(Scraped caption text data)
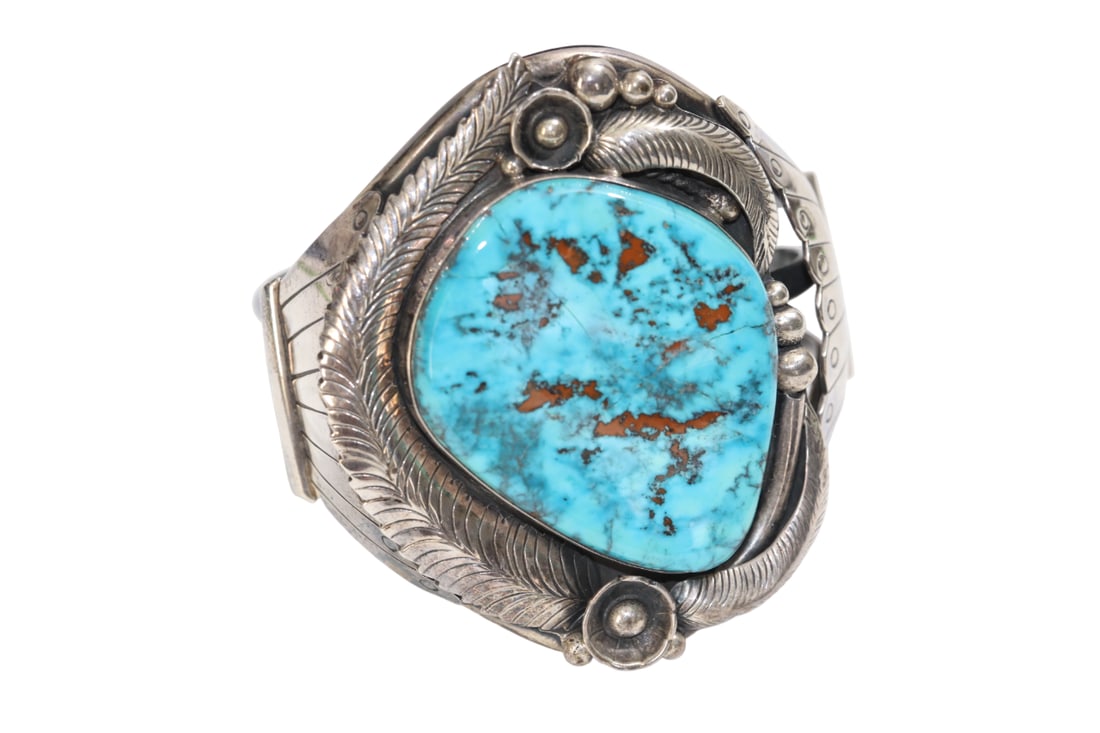Heavy Turquoise and Silver Cuff Bracelet Signed SS (1 of 19)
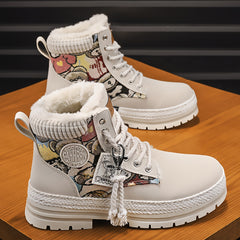 Men's Motorcycle Boots Warm Anti-slip Lace-up High Boots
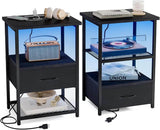 Set Of 2 LED Nightstands With Charging Station - Sleep Galleria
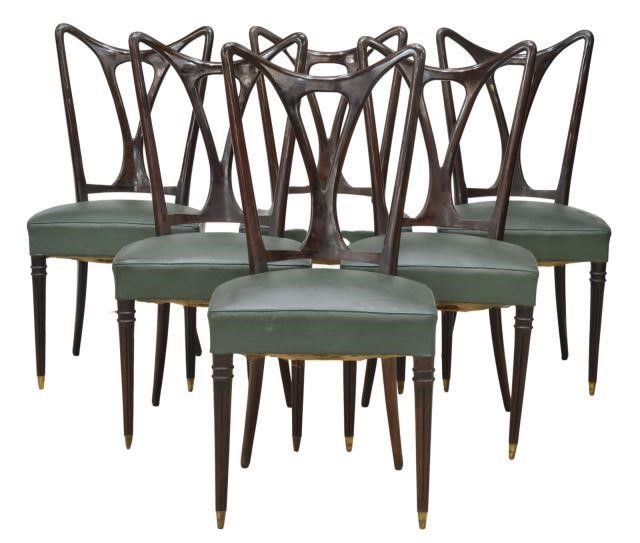 Appraisal: lot of Italian mid-century modern mahogany dining chairs in the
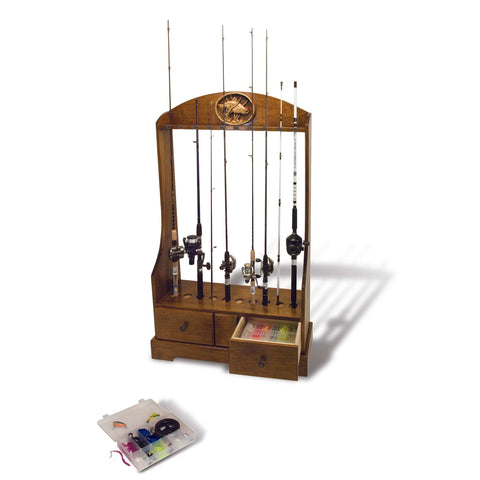 Woodworking Project Paper Plan to Build Rod Reel and Tackle Stand - Image 1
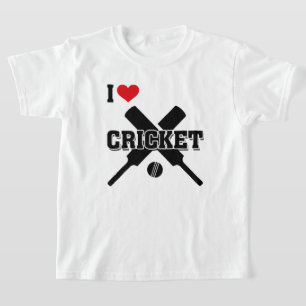 I Liebe Cricket, Crossbats und Ball, Cricket T-Shirt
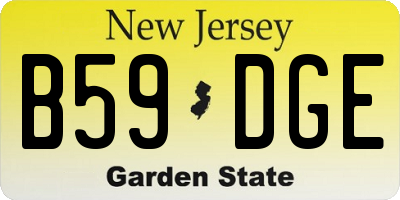 NJ license plate B59DGE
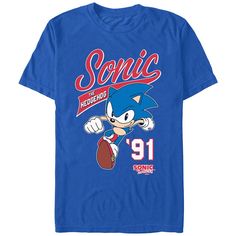 You'll love the fit and feel of this men's Sonic The Hedgehog '91 graphic tee. You'll love the fit and feel of this men's Sonic The Hedgehog '91 graphic tee. FEATURES Crewneck Short sleevesFABRIC & CARE Cotton Machine wash Imported Color: Royal. Gender: male. Age Group: adult. Logo Sonic, Sonic T Shirt, Athletic Logo, Birthday Wish List, Birthday Wish, Fun And Games, Body Modifications, Style Hoodie, Home Essentials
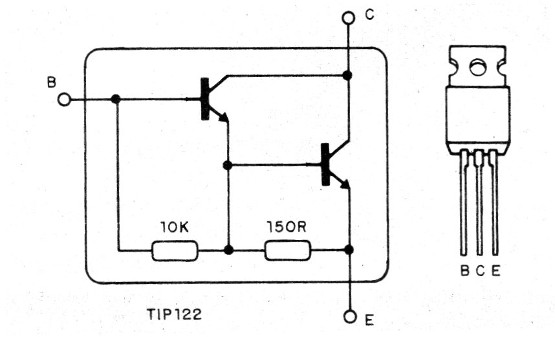 Figura 2 – O transistor Darlington TIP122
Figura 2 – O transistor Darlington TIP122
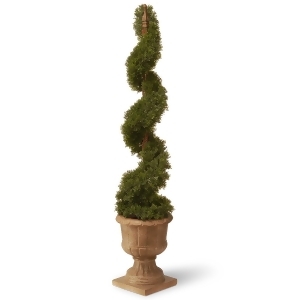 48 Artificial Two-Tone Green Cedar Spiral Tree in Urn Style Pot - All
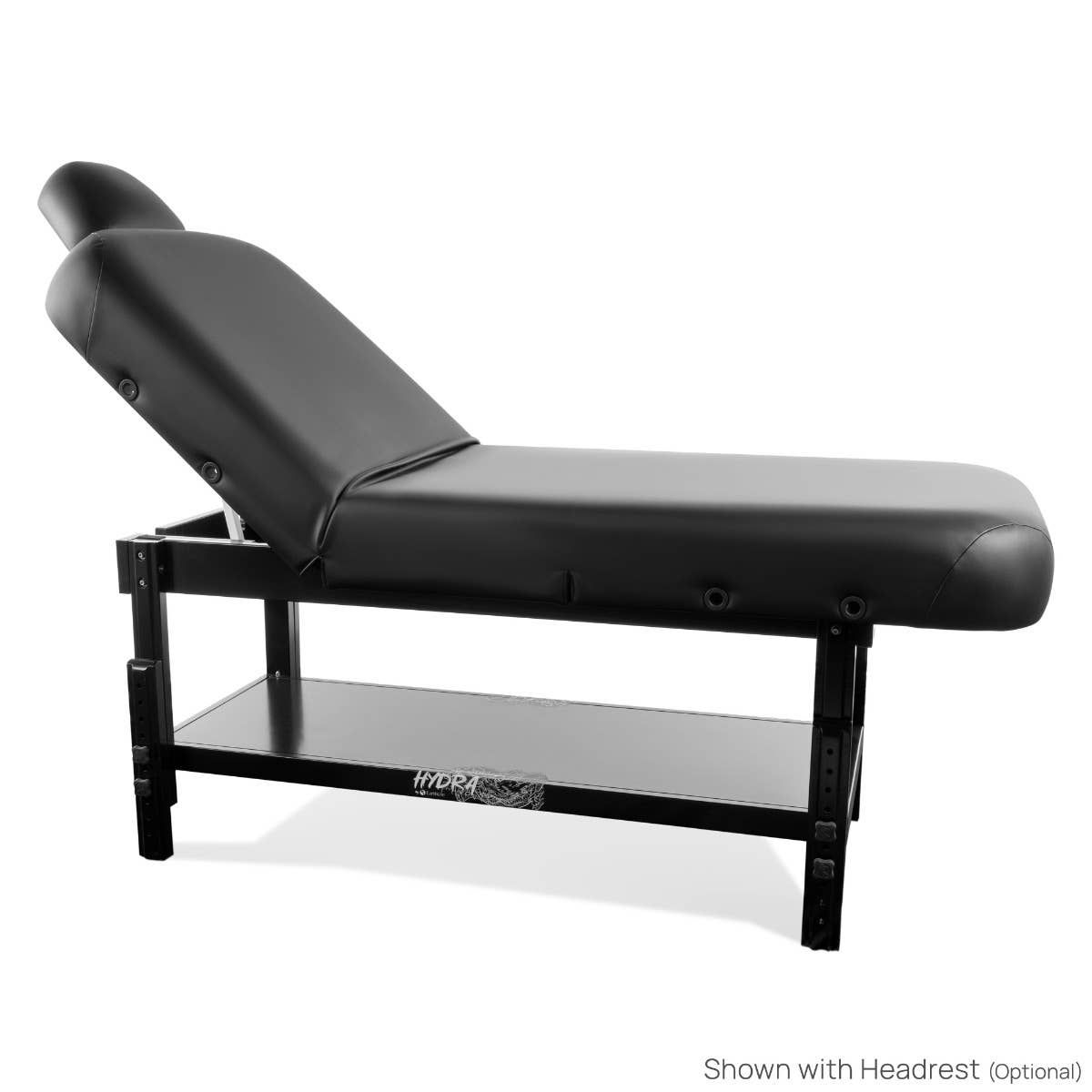 EarthLite HYDRA Tattoo Table: black, headrest, manual height adjust, lower storage shelf.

EXERCISE PROMPT ▸ From the first line to the last, give the data again exactly, but without pictures.

SOLUTION TO THIS EXERCISE ▸
Heavy Turquoise and Silver Cuff Bracelet Signed SS (1 of 19)
 Men's Motorcycle Boots Warm Anti-slip Lace-up High Boots
 Set Of 2 LED Nightstands With Charging Station - Sleep Galleria
 Appraisal: lot of Italian mid-century modern mahogany dining chairs in the
 Woodworking Project Paper Plan to Build Rod Reel and Tackle Stand - Image 1
 I Liebe Cricket, Crossbats und Ball, Cricket T-Shirt
 NJ license plate B59DGE
 You'll love the fit and feel of this men's Sonic The Hedgehog '91 graphic tee. You'll love the fit and feel of this men's Sonic The Hedgehog '91 graphic tee. FEATURES Crewneck Short sleevesFABRIC & CARE Cotton Machine wash Imported Color: Royal. Gender: male. Age Group: adult. Logo Sonic, Sonic T Shirt, Athletic Logo, Birthday Wish List, Birthday Wish, Fun And Games, Body Modifications, Style Hoodie, Home Essentials
 Figura 2 – O transistor Darlington TIP122
Figura 2 – O transistor Darlington TIP122
 48 Artificial Two-Tone Green Cedar Spiral Tree in Urn Style Pot - All
 EarthLite HYDRA Tattoo Table: black, headrest, manual height adjust, lower storage shelf.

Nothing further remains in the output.